--- Dataset extract ---

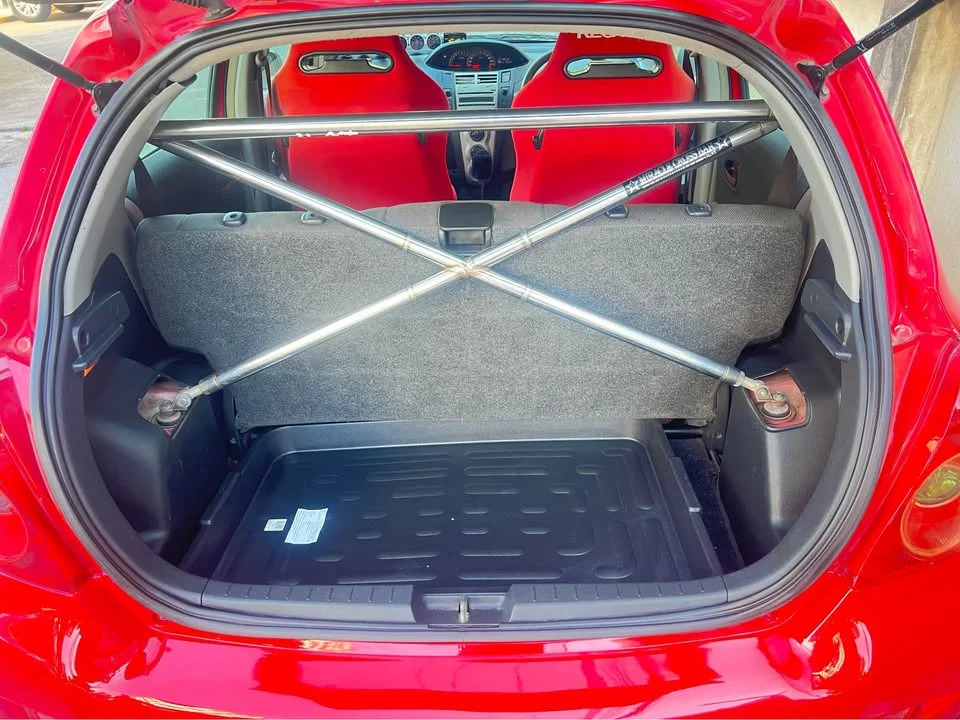2013 Toyota Yaris II 3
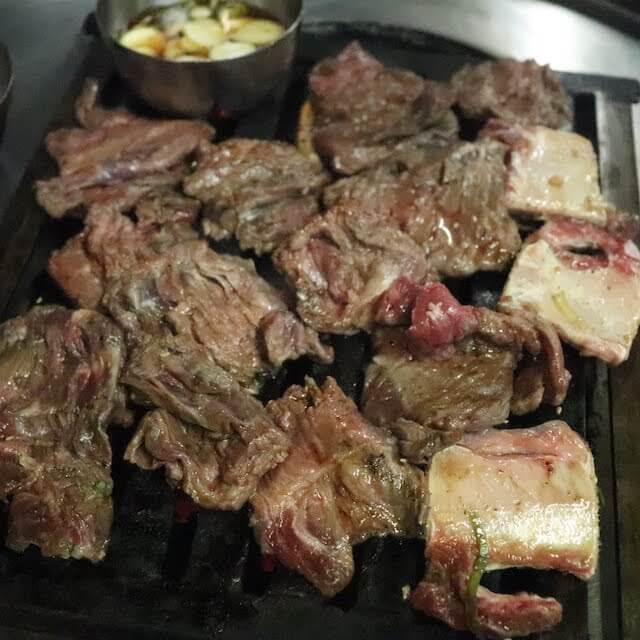 延南ソ食堂の焼き肉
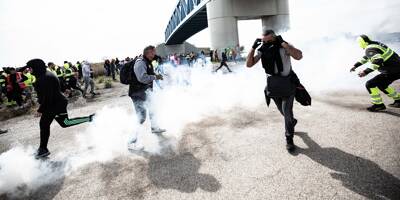 Policiers blessés, journalistes pris à partie, scènes de guérilla.... Le siège au dépôt pétrolier de Fos vire à l'affrontement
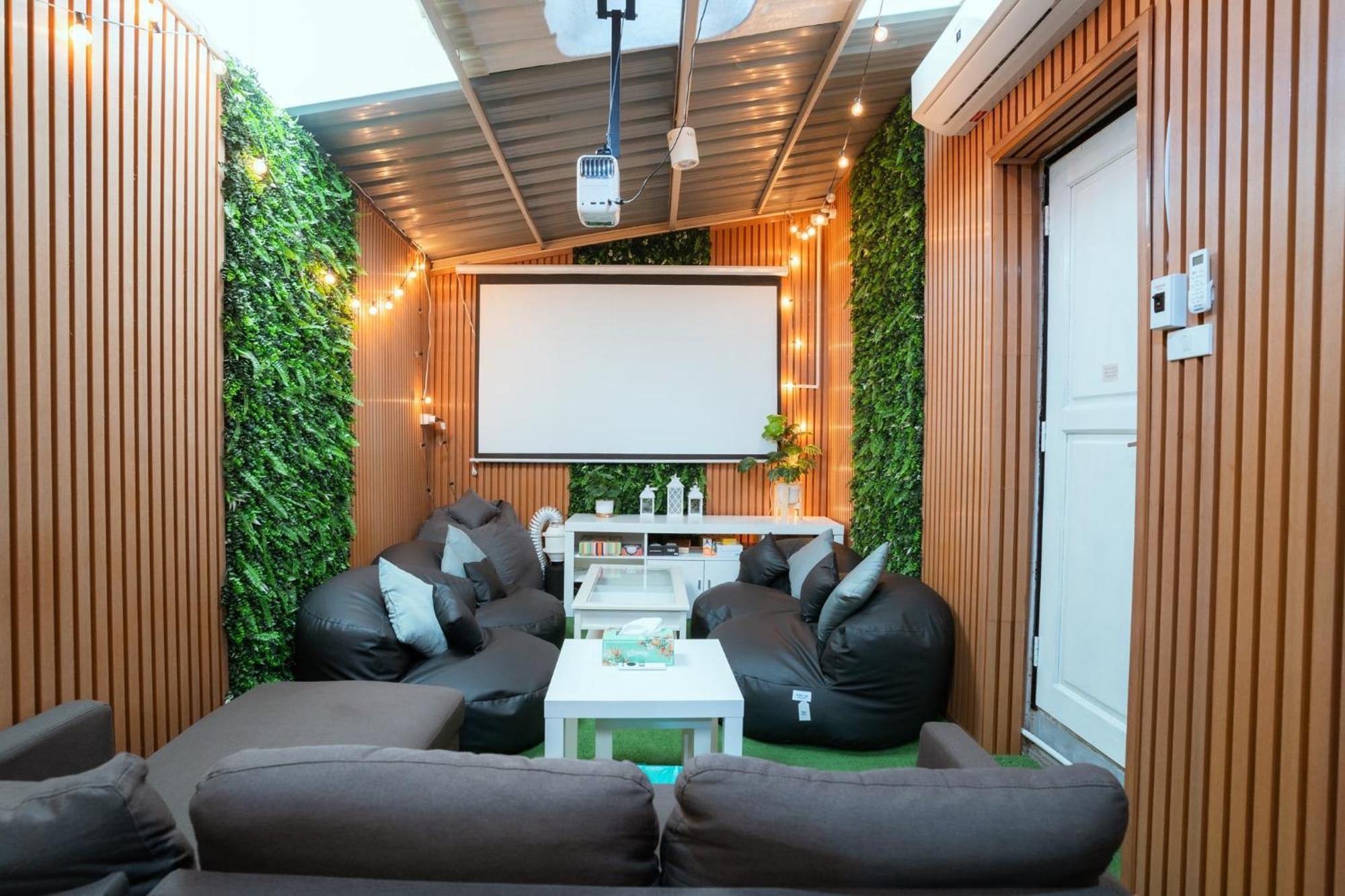 420 Hostel - Ekkamai Buds & Beds Bangkok Luaran gambar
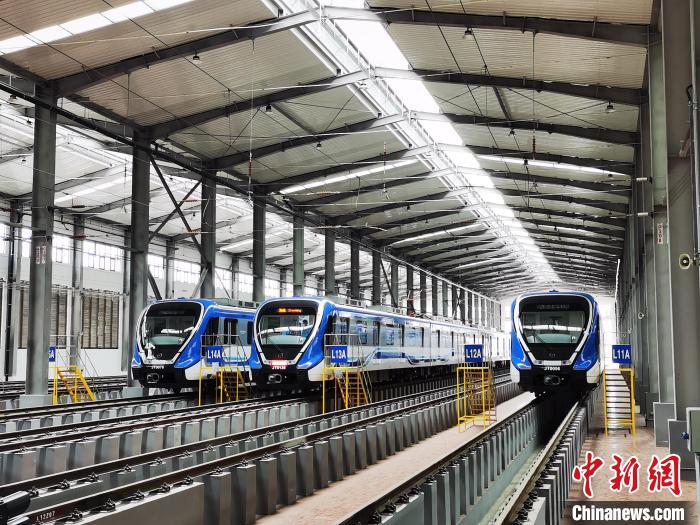 中国首条“双流制”铁路通车在即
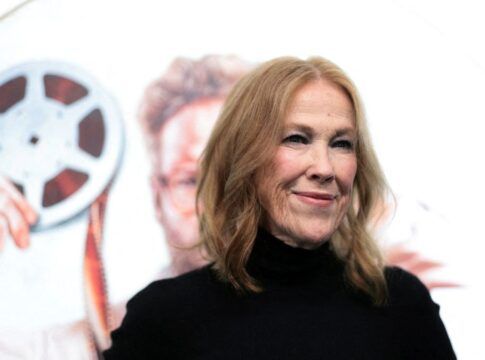 Catherine O’Hara, atriz de “Esqueceram de Mim” e “Schitt’s Creek”, morre aos 71 anos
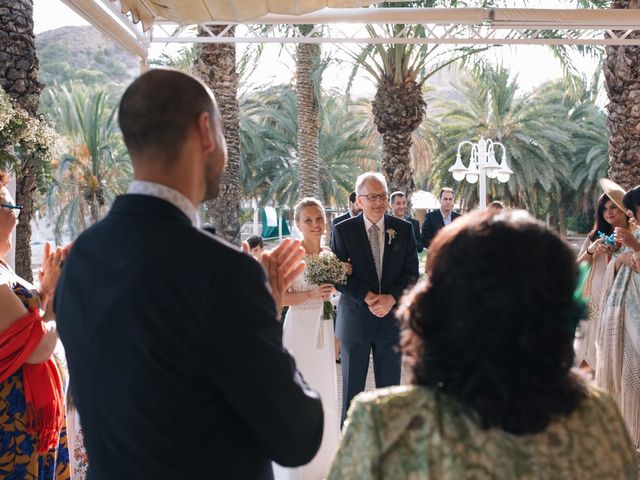 La boda de Miguel y Sine en La/villajoyosa Vila Joiosa, Alicante 24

---

• Required action:
An acceptable answer consists of the lines above from the one holding "Catherine O’Hara, atriz" to the end of the data, repeated exactly and containing no pictures.

• Solution to this task:
 Catherine O’Hara, atriz de “Esqueceram de Mim” e “Schitt’s Creek”, morre aos 71 anos
 La boda de Miguel y Sine en La/villajoyosa Vila Joiosa, Alicante 24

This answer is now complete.